Developing a location recommender system is very attractive for researchers because of its importance in both academia and business. Therefore, although its history is based on less than a decade, there are many studies on this subject.

Content-based algorithms utilize the content information of a location in order to handle data sparsity problem that may occur in CF algorithms. Table 1 presents mostly used content information variables. The category variable specifies the category of a venue (restaurant, shopping center, theater, etc.). The distance variable specifies the distance from the user (GPS location, center of visited venues, etc.) to the venue. The tag variable specifies tags that are given by the users (can be visited with friends, romantic, etc.). Tips and comments are specified by the user about the venue. The popularity variable denotes the value of a location specified by ratings, number of visits, etc. The tags and tips/comments variables are used for sentiment analysis, which is not in the context of this study. For this reason, only the category, distance, and popularity variables were selected.

Collaborative filtering algorithms can be categorized as memory-based and model-based. In addition, memory-based CF is divided into two categories; user-based CF, which considers user similarity for recommendation [3537] and item-based CF, which considers the item similarity for recommendation [38, 39]. Data mining techniques such as neural networks [40], Naïve Bayesian modeling [13, 23], association rule mining [41], and SVD [2] are used for model-based CF.

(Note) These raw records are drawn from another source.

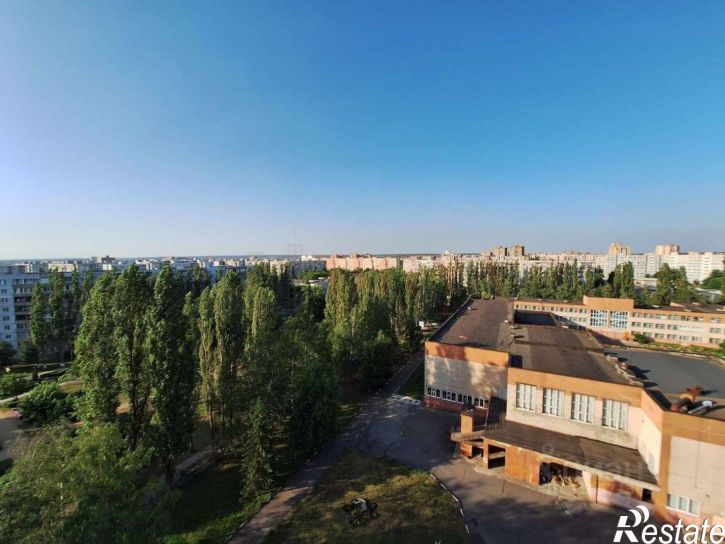 3-комн квартира Олимпийский мкр, 38,  д. 38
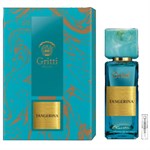 Gritti Tangerina - Eau de Parfum - Perfume sample - 2 ml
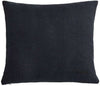 Andersen Furniture Twill Weave polštář, modrá, 45x50cm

The contextual approach emerged after traditional approaches, which simply focus on the past preferences of customers. Context represents a set of surrounding conditions of a user-item pair and affects the relation between them. A context-aware recommender system may consider either user context (income, profession, age, current user location, mood, and status, etc.) or environmental context (current time, weather, traffic conditions, events, etc.) [14, 42]. Contextual information is very crucial, especially for location recommendation. The decisions of the users for venue visits are generally based on environmental factors rather than on their decisions about other things (buying a product, listening to music, etc.). Even though contextual information is critical rather than additional for location recommendation systems, it is not used in existing systems commonly and effectively. In the literature, it is emphasized that context-based algorithms are demanding for effective recommender systems [4346].

Contextual information for location recommendation can be specified with many variables. Mostly used variables are presented in Table 2.

As can be seen from Table 2, time and weather condition (e.g., sunny, rainy, and snowy) variables have been used for location recommendation more frequently than other variables. Therefore, time and weather conditions are selected as the contextual variables for this study.

Each filtering approach has different drawbacks. For example, the disadvantages of CF are the cold start problem, data sparsity, and scalability [57]. On the other hand, information need about an item and overspecialization are the drawbacks of the CBF [58]. Hybrid approaches combine at least two of the existing approaches and aim to minimize or remove the drawbacks of existing approaches, which may occur when they are used individually. Therefore, hybrid systems, which are the combination of some of these approaches, can be the solution for a better recommendation system [43, 44]. Even though some hybrid systems are presented in the literature, there are still untouched points for performance improvement of location recommender systems. There are studies considering different hybrid algorithms for location recommendation [2, 7, 19, 48, 50, 51, 59]. Seven different types of hybridization techniques are mentioned in the literature, namely, weighted, switching, mixed, feature combination, cascade, feature augmentation, and metalevel [60].

This study aims to develop a personalized hybrid recommendation system using both user and location similarity, location-related properties (distance, category, popularity, and price classification), and varying effects of contextual data (weather, season, date, and time of visits) among different users. Weighted hybridization method is used to achieve better performance and to have drawbacks of any individual recommendation system.

3. Methodology

3.1. Data Collection

The aim of this study is to recommend new venues to the users according to their preferences. Therefore, a location-based social network should be chosen to collect the necessary data. For this purpose, two popular social networks, Twitter and Foursquare, were chosen. In order to crawl users’ check-in history, Twitter is used since Foursquare does not allow direct streaming of user check-ins. Foursquare was chosen to collect the characteristics of various venues since it is one of the most popular location-based social networks and provides the characteristics of various venues with its API.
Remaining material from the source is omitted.